Ultimately, stars are formed because, in essence, the the more matter there is, there more it gathers together because of gravity. The more matter gathers together, the more compressed it gets. And notably, gas heats when it's compressed. The heat excites the atoms and moves them more and more violently, which causes even more friction and thus more heat (it is a kind of runaway event).

How hot does the protostar need to be to sustain nuclear fusion?

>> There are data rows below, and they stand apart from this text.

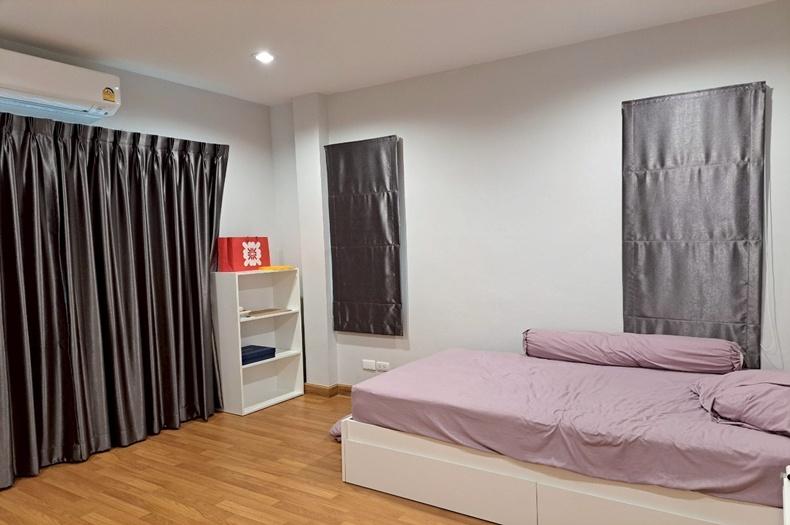 บ้านเดี่ยว เดอะเซนโทร วัชรพล-สุขาภิบาล 5 (The Centro Watcharapol) สุขาภิบาล 5 เนื้อที่ 60 ตร.ว (สุขาภิบาล 5 ซอย 76) ใกล้ไปรษณีย์ไทยสายไหม เขตสายไหม 8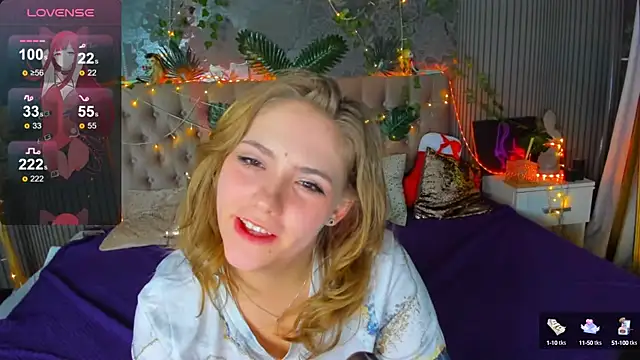 Snapshot of DellaRowe chatting on 01-27-25, 04:33 DellaRowe online show from 01-27-25, 04:33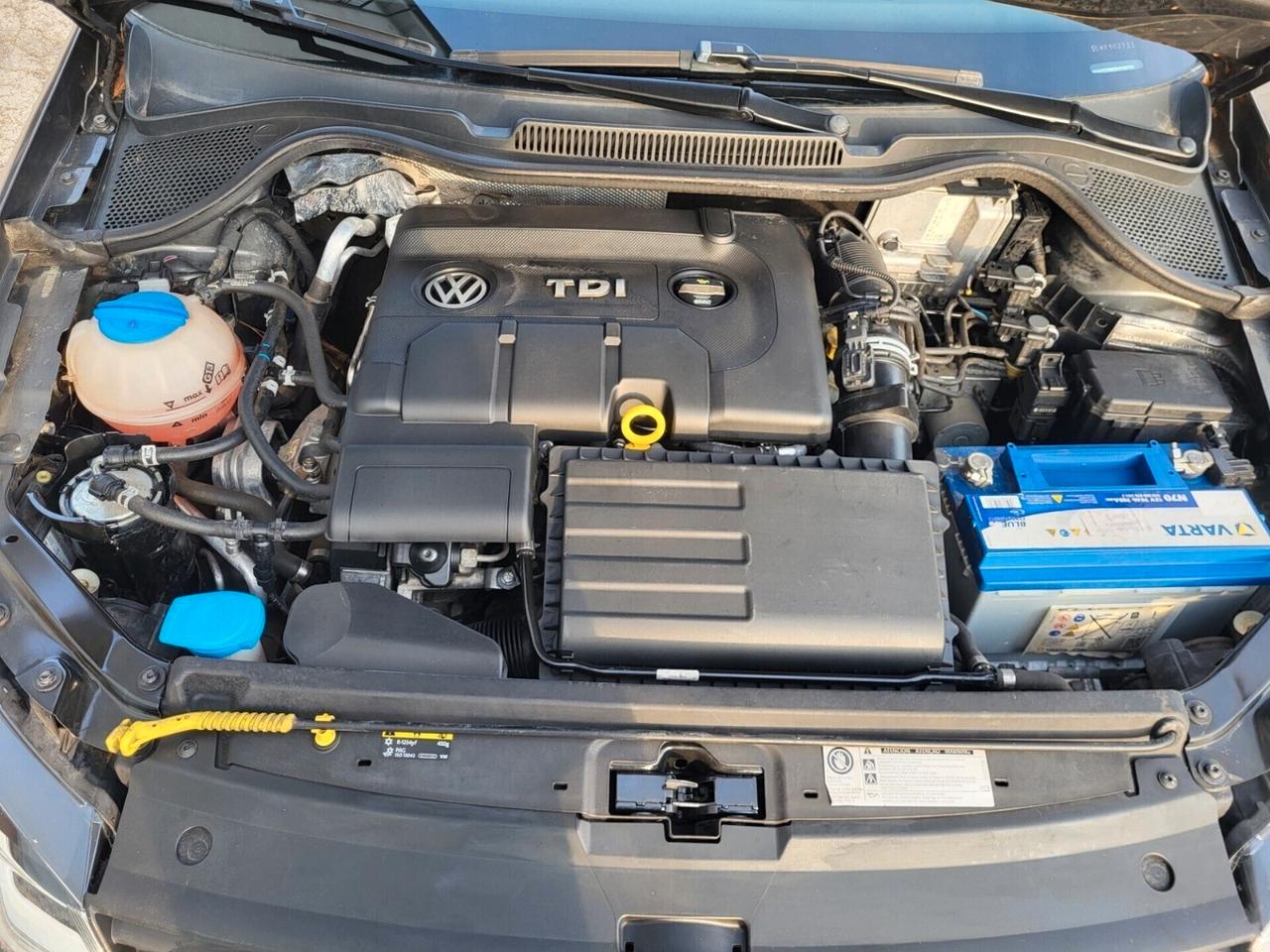 VOLKSWAGEN POLO 1,4 TDI-EURO 6B-FOTO 3 REVISIONI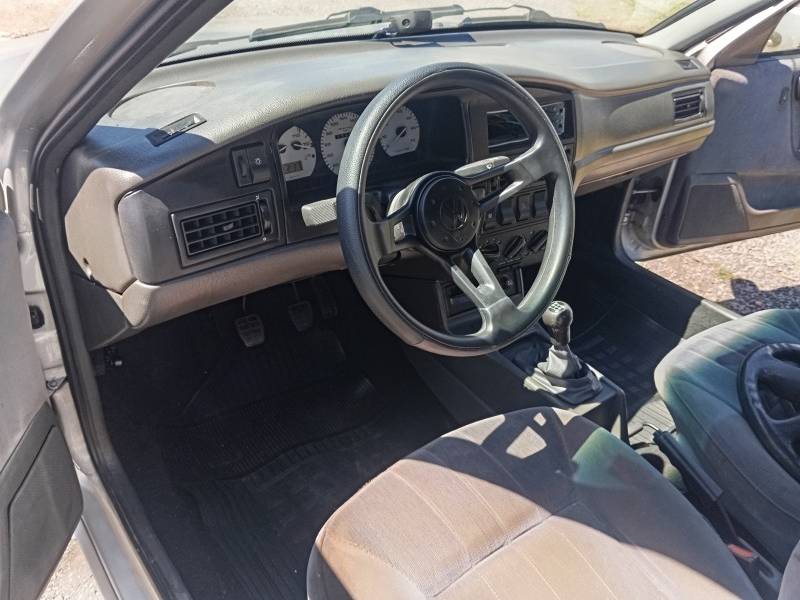 VOLKSWAGEN - SANTANA - 1996/1996 - Prata - R$ 31.900,00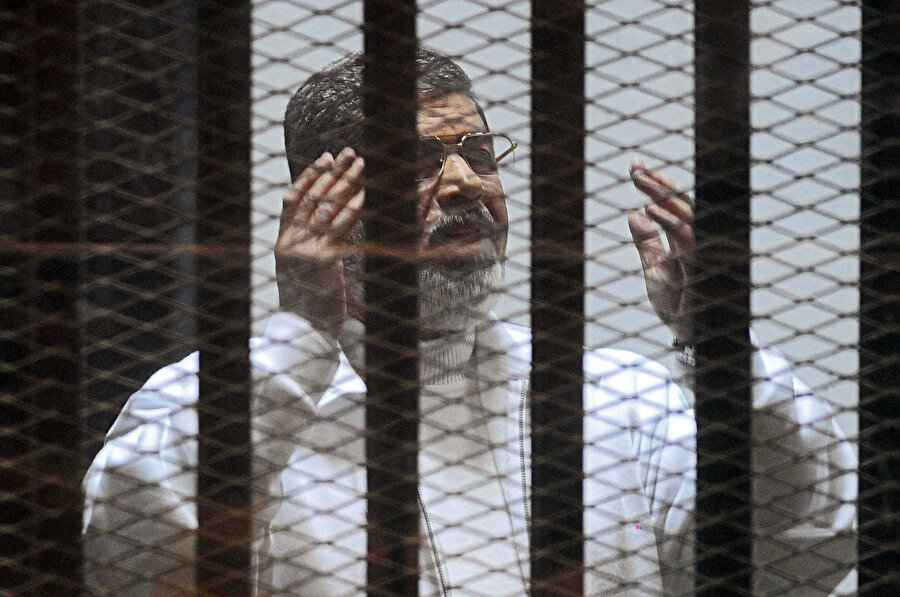 Mısır'ın demokratik yollarla seçilen ilk Cumhurbaşkanı Muhammed Mursi.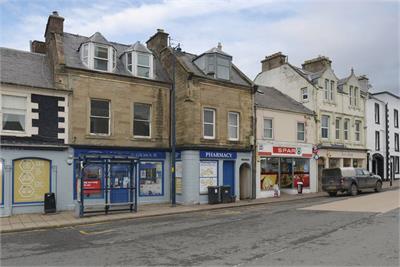 14 Market Place, Selkirk, TD7 4BT - image 1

About 10,000,000° Celsius, which is about the same  18,000,000° Fahrenheit. How much mass do you need to get to that temperature? Somewhere between 75 and 80 times the mass of Jupiter. And that's what's needed to make the smallest and coolest of stars. Any star that's bigger, hotter, and brighter requires a lot more matter.

This is where brown dwarfs failed. For some reason, there was not enough matter in the area, and the protostar never ignited. As such, it stayed as a ball of gas.

Brown dwarfs and gas giants like Jupiter are remarkably similar. The major difference is temperature. Brown dwarfs can have temperatures as high as 2000° C (3600°F), or as cold as the one that was discovered about 2 years ago at 350°C (662°F), and there was even one discovered very recently that is 30°C (86°F), which is a rather warm but livable room temperature.

So it can be a bit colder still.

Jupiter and Saturn are both about -100°C at surface level. I say surface level, but I want to clarify that those planets have no actual “surface” in the traditional sense. A "surface" is when the atmospheric pressure equals 1 atmosphere (the pressure at Earth’s surface at sea level). These temperature differences cause the material in both objects to act differently. For instance, water remains in a gas form in brown dwarfs, while it freezes in gas giants.

One more major difference between brown dwarfs and gas giants is that gas giants started out as rocky structures that gathered random gasses and dust in the planetary disk formed after a star ignites. So there is a molten rocky core (or icy core in the case of ice giants like Neptune and Uranus) in the center of gas giants, while brown dwarfs are all gas.